[Start of Attachment]

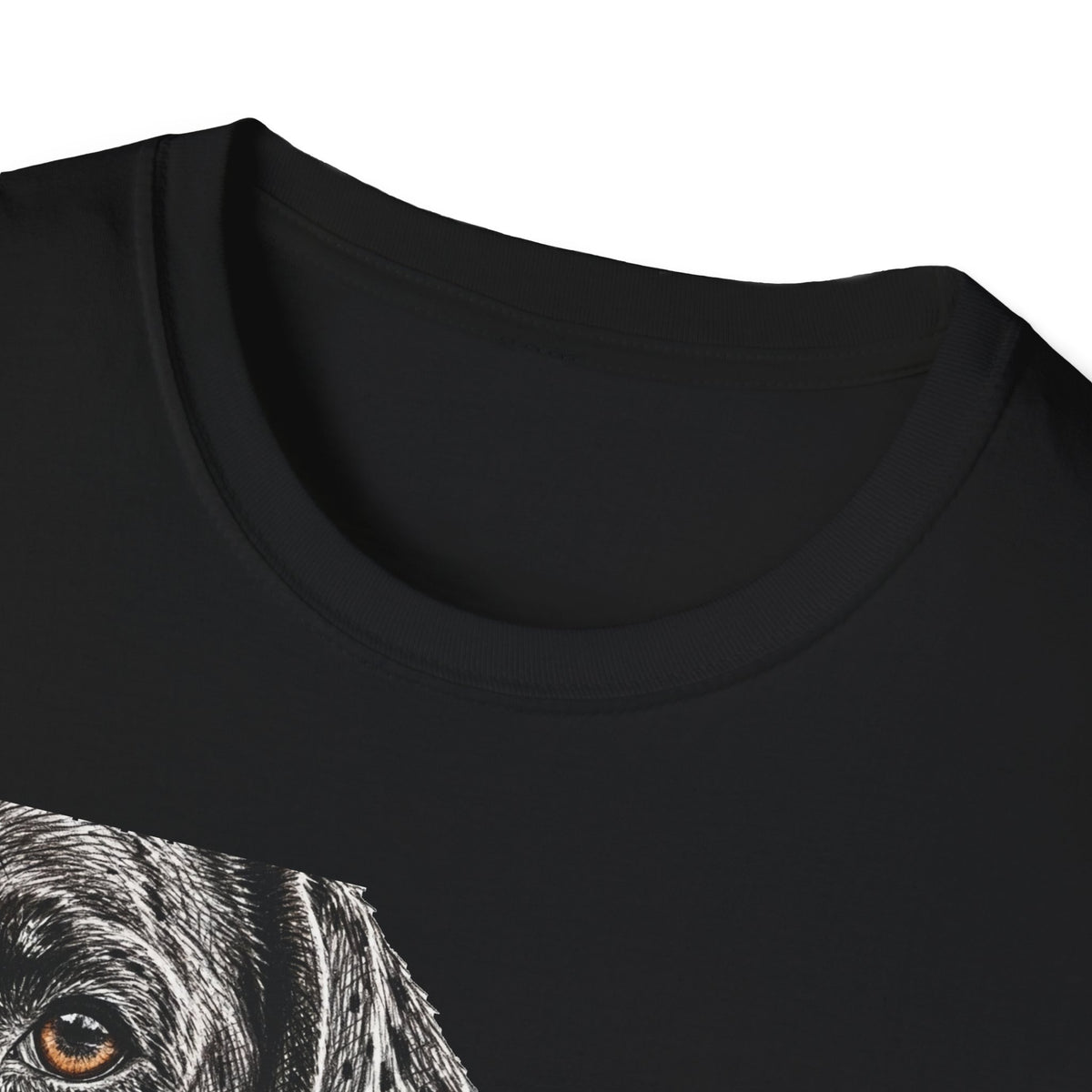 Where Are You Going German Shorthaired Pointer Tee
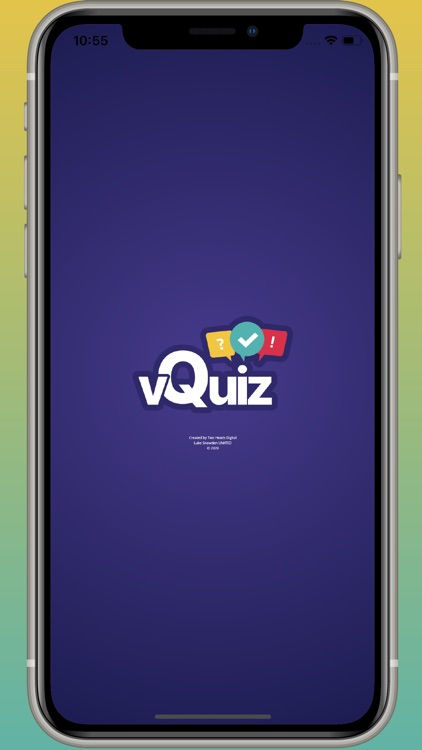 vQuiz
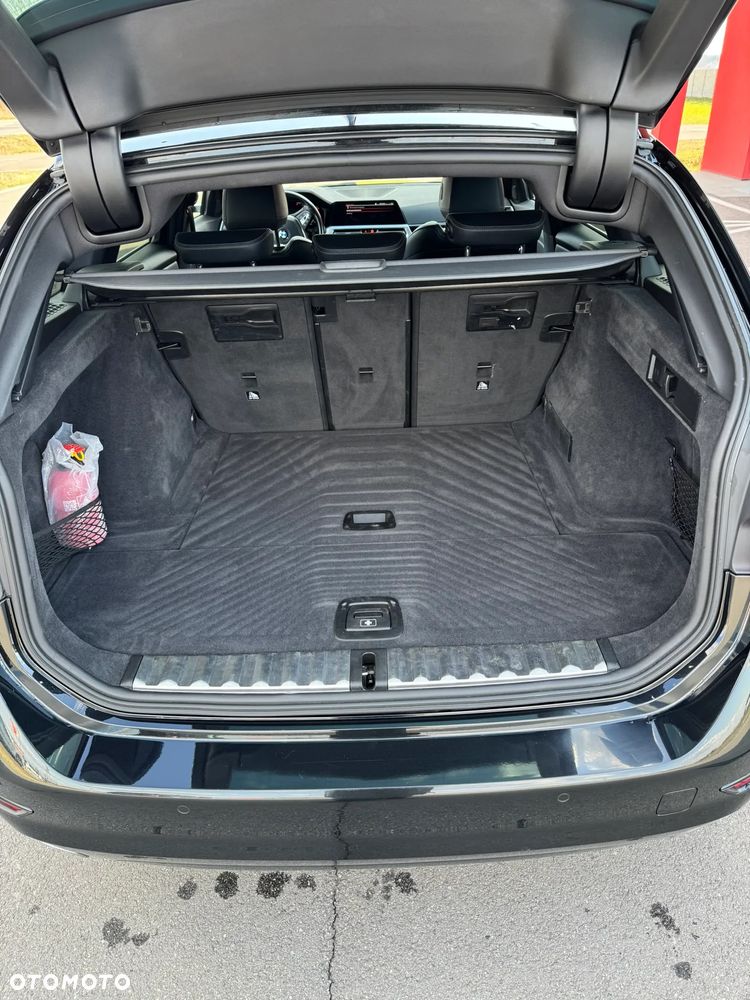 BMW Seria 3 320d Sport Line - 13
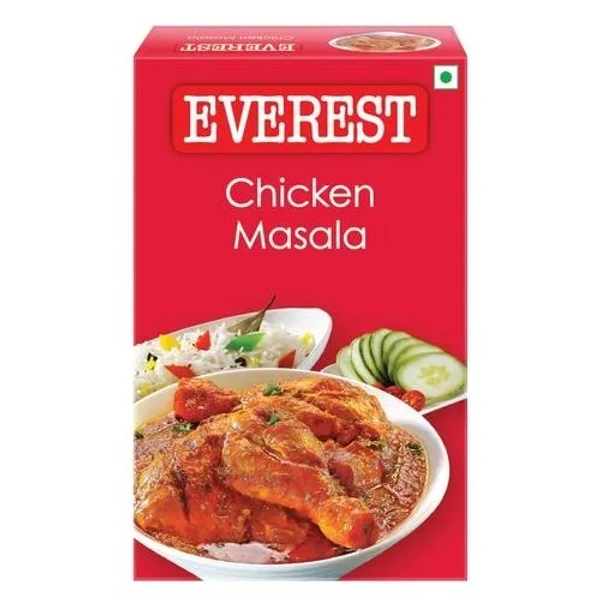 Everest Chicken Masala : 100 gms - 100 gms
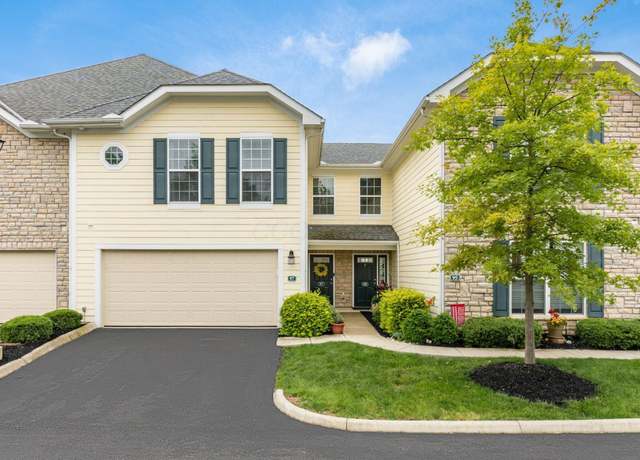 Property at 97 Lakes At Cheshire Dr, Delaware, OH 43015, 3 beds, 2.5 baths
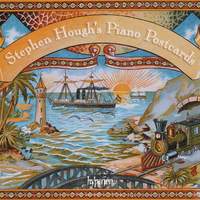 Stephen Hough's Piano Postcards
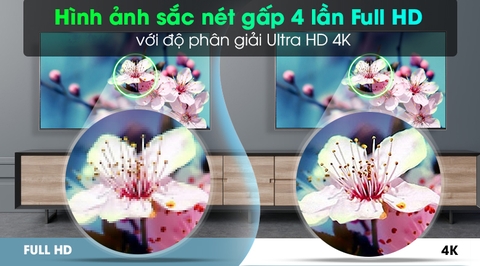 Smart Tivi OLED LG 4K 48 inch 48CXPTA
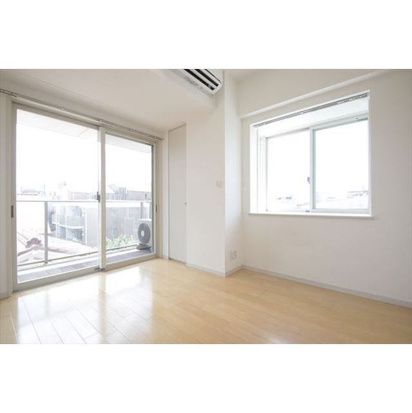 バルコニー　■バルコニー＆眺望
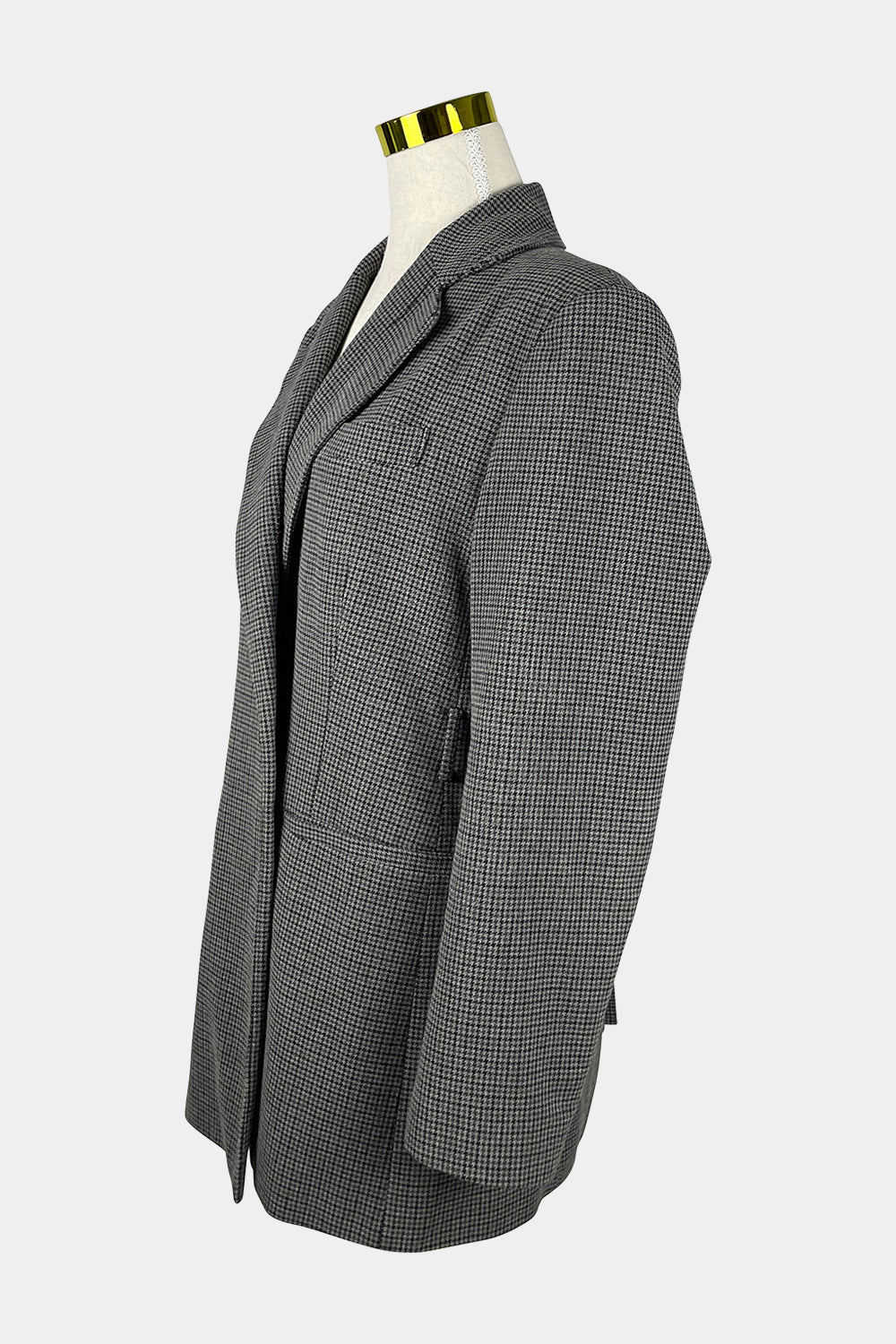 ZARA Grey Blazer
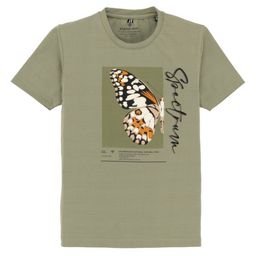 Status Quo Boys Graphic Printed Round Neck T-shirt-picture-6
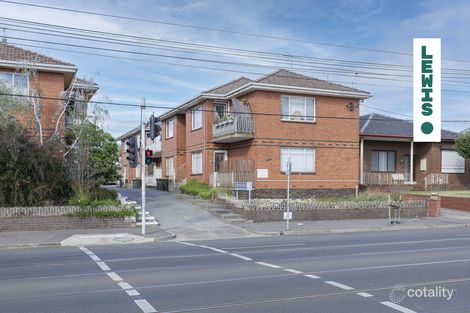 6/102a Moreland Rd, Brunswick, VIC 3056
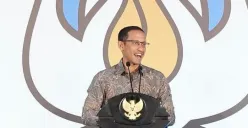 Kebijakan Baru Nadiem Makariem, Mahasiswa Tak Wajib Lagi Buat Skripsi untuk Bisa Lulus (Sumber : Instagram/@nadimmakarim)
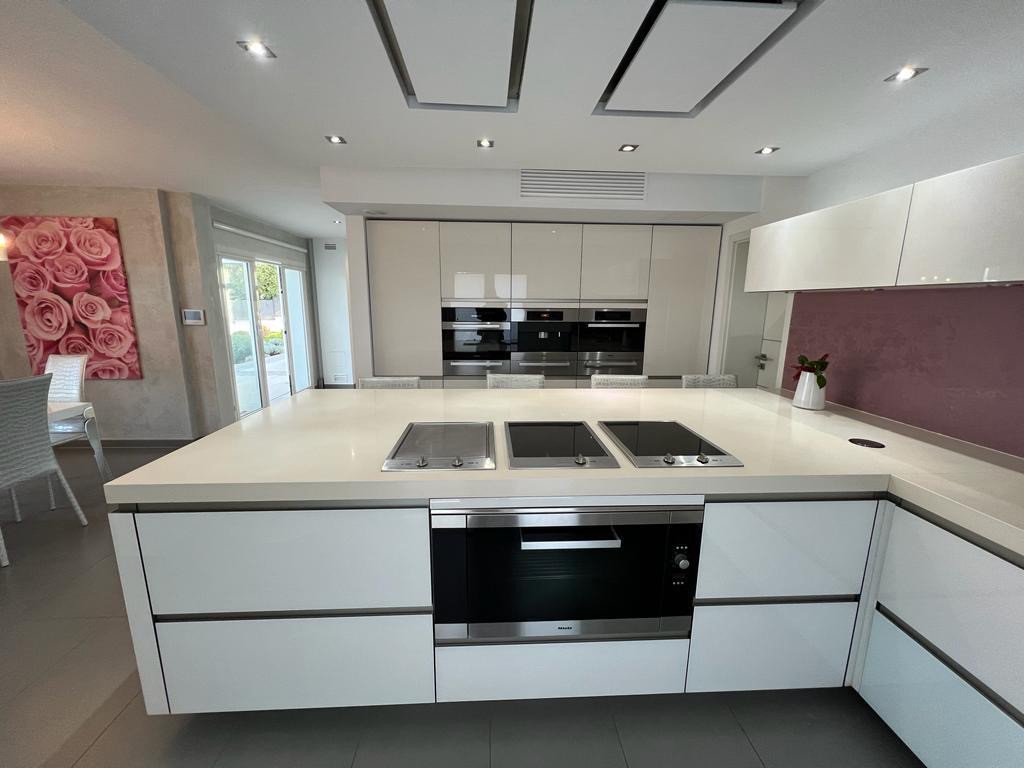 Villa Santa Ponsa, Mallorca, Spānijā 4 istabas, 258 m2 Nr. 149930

[End of Attachment]

Leaving the pictures out, give back each line above exactly.

▸ Exercise result
 Where Are You Going German Shorthaired Pointer Tee
 vQuiz
 BMW Seria 3 320d Sport Line - 13
 Everest Chicken Masala : 100 gms - 100 gms
 Property at 97 Lakes At Cheshire Dr, Delaware, OH 43015, 3 beds, 2.5 baths
 Stephen Hough's Piano Postcards
 Smart Tivi OLED LG 4K 48 inch 48CXPTA
 バルコニー　■バルコニー＆眺望
 ZARA Grey Blazer
 Status Quo Boys Graphic Printed Round Neck T-shirt-picture-6
 6/102a Moreland Rd, Brunswick, VIC 3056
 Kebijakan Baru Nadiem Makariem, Mahasiswa Tak Wajib Lagi Buat Skripsi untuk Bisa Lulus (Sumber : Instagram/@nadimmakarim)
 Villa Santa Ponsa, Mallorca, Spānijā 4 istabas, 258 m2 Nr. 149930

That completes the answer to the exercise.